SOP Number: Kitchen / F&B Production SOP – 12
Department: Kitchen / Food Production – Hot Food Preparation
Date Issued: 3-Oct-2018
Time to Train: 25 Minutes
Purpose of this SOP:
The temperatures of all cooked food should be taken during preparation to ensure the safety of all food served to the customer are safe and as per the standard practice.
The Executive Chef and the Sous Chef should be responsible to ensure that the hot foods are prepared using appropriate practices and procedures to ensure safety and sanitation. The hotel management should develop and implement proper written Kitchen SOP’s to ensure the same is implemented correctly throughout all the food preparation outlets.
Hot Food Preparation Standard Procedures:
How to Cook Hot Foods in the Kitchen?
- Always avoid over-cooking of the food prepared.
- Use a calibrated thermometer to check product temperature in thickest part of the item or at least in two separate places.
- Always take end-point cooking temperatures.
- Try to reduce the holding time of foods before serving by using batch cooking.
- Allow temperature of cooking equipment to return to required temperatures between batches.
- Do not use hot holding equipment to cook or reheat foods.
- Expose food ingredients to room temperature for two hours or less, or food item should be returned to the refrigerator.
- The total time of any food at room temperature shall not exceed more than 4 hours.
- Prepare food products that will not be cooked or heated away from other products.
How to take the temperature of Hot Foods?
- Always wash and sanitize your hands.
- Use a clean and sanitize calibrated thermometer to take the temperatures of all cooked foods.
- Always wipe and sanitize the thermometer stem with alcohol wipes/swabs prior to taking the temperatures of each food.
- Make sure to open the sanitizer package with clean hands.
- Always take temperatures in the thickest part of a food item ie usually at the centre.
- Two readings should also be taken in different locations to assure thorough cooking to the appropriate end-point temperature.
- For all potentially hazardous food products, record the end-point cooking temperature on the ‘Cooked Food Temperature’ Log.
- Try to cook hot foods to these minimum end-point temperatures or recipedirections.
What is the standard cooking temperature for Meats, Vegetables, Fish, Processed foods etc.?
- For Poultry – 74º Celsius for 15 seconds.
- For stuffings like stuffed meats, casseroles and other dishes combining raw and cooked foods – 74º Celsius for 15 seconds.
- Potentially Hazardous Foods cooked in the microwave – 74º Celsius [The food should stand for 2 minutes after cooking, stir during cook process].

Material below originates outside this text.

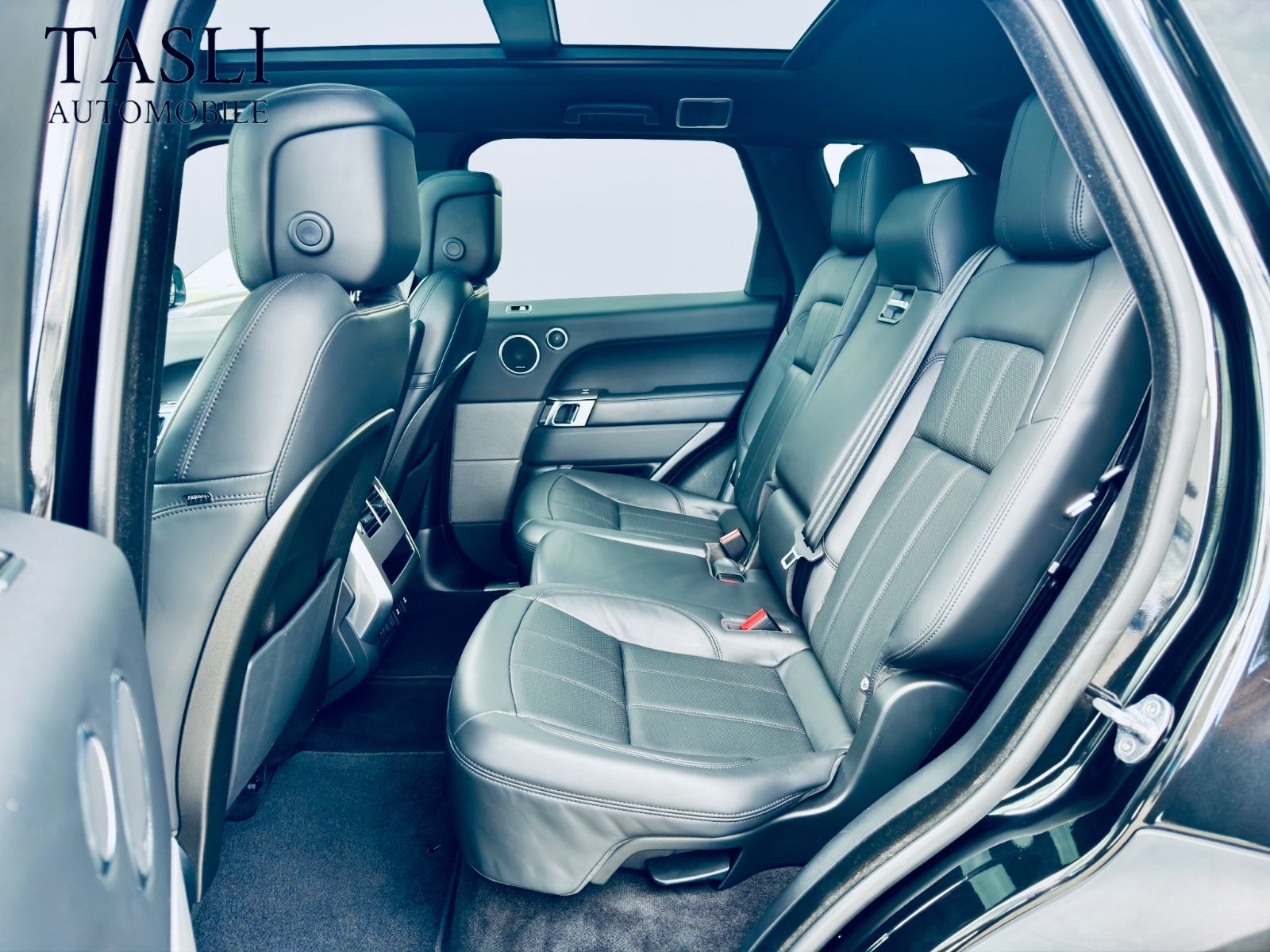 Range Rover Sport HSE Dynamic P400e BLACK - Samsaru's Car Outlet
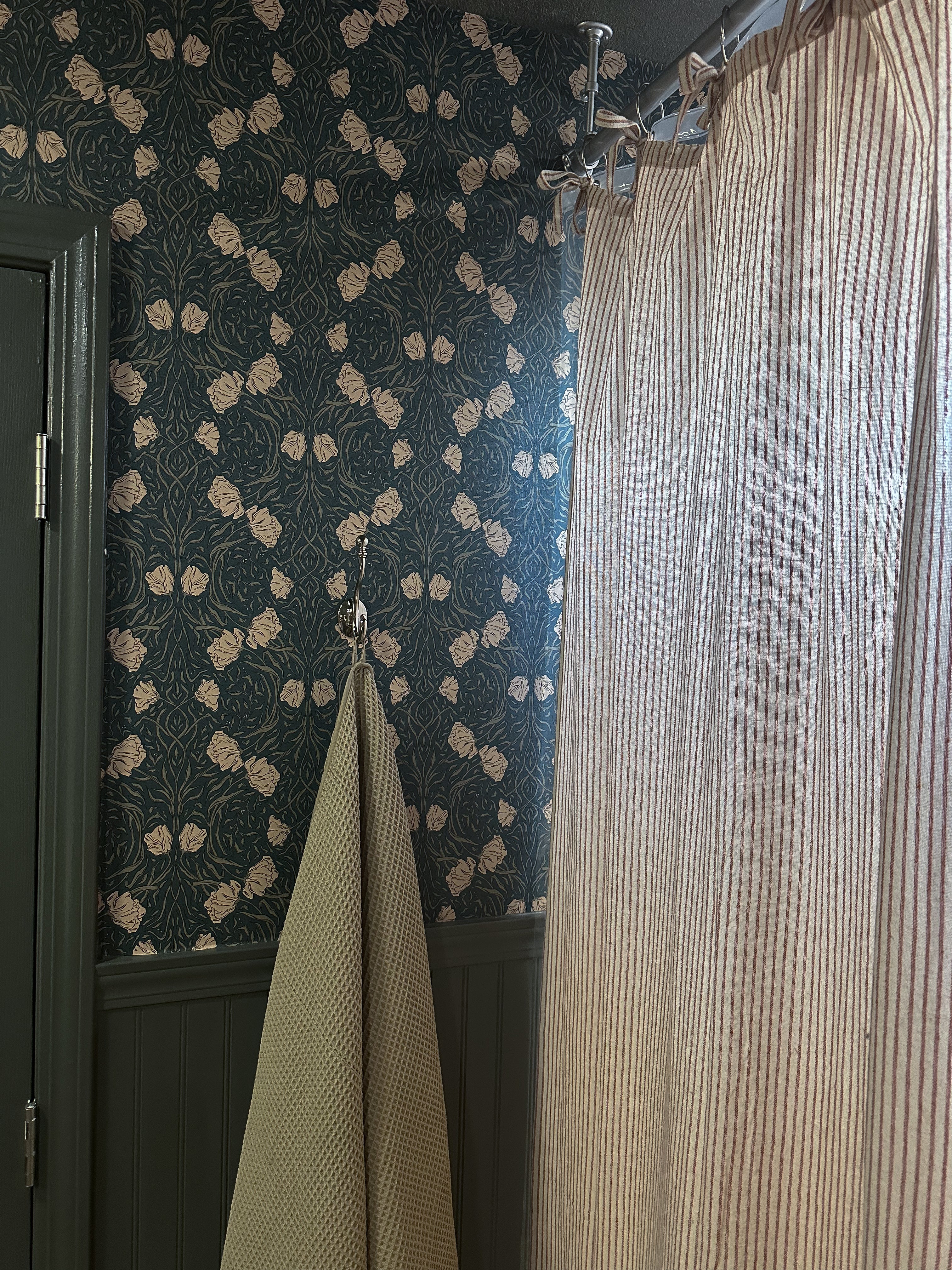 Amberly Floral Wallpaper: Traditional Botanical Green & Cream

- Ground or flaked meats – 68º Celsius for 15 seconds.
- Beef and pork roasts – 63º Celsius for 4 minutes.
- Beef steaks, pork, veal, lamb – 63º Celsius for 15 seconds.
- Any game animals – 63º Celsius for 15 seconds.
- Fish and any foods containing fish – 63º Celsius for 15 seconds.
- Shell eggs for immediate service – 63º Celsius for 15 seconds.
- Vegetables which are canned, frozen or fresh – 57º Celsius for 15 seconds, held above 57º Celsius.
- Any ready-to-eat commercially processed and packaged foods – 57º Celsius for 15 seconds, held above 57º Celsius.
Training Summary questions:
Q1. What is the purpose of this SOP?
Q2. Who is responsible to check and monitor the preparation and holding of hot foods?
Q3. Points to note while preparing hot foods?
Q4. How to take the temperature for hot foods?
Q5. Give few examples of the standard cooking temp. of different cooked items?